Russian roulette in the South

Photo: Mark Price
The scene of a crash on the Crown Range yesterday. Photo: Mark Price
Another winter, another cluster of crashes on Otago's roads.

It's only June and already several car crashes have come from the macabre alchemy of ice and poor roads. Each accident is a catastrophe - for the people involved, the emergency services attending and the wider families and friends affected.

Each accident also takes money from the economy - the loss of productivity as people recover, or not, from their injuries; the cost of public healthcare; the cost of emergency services.

Each accident means replacement cars or parts are needed - none of which are produced in New Zealand. Roads, bollards, signs or sidings have to be repaired or replaced.

More significant of course is the potential, and often realised, loss of life. We are lucky enough to live in a country which values life above all else. Virtually all of our government spending is directed towards prolonging, improving and adding comfort, safety and opportunity to life.
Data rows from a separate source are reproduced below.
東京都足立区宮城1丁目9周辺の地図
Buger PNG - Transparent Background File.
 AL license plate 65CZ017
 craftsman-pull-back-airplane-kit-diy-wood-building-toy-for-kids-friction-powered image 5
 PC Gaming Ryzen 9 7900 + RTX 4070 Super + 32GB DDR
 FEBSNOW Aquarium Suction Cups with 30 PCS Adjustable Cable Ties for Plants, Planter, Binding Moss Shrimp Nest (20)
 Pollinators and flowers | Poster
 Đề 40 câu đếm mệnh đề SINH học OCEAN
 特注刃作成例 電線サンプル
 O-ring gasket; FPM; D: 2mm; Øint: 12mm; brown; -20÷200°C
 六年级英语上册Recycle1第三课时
Yet, life can be extinguished in an instant when a reasonable vehicle, driven in a reasonable manner by a reasonable person, hits ice on bad roads. This would be easier to tolerate if the roads in question were little known and seldom-travelled byways. Tragic, preventable, but grudgingly accepted as a compromise between life and cost.

But on major state highways? How is it possible in 2018 that highways between centres as large, thriving and valuable to the country as Queenstown and Dunedin are so unsuitable that, with a little cold weather and a spot of moisture, they become long black ribbons of Russian roulette?

How long can this region allow crash after crash due to poor conditions before a collective thumping of fist on table demands something better?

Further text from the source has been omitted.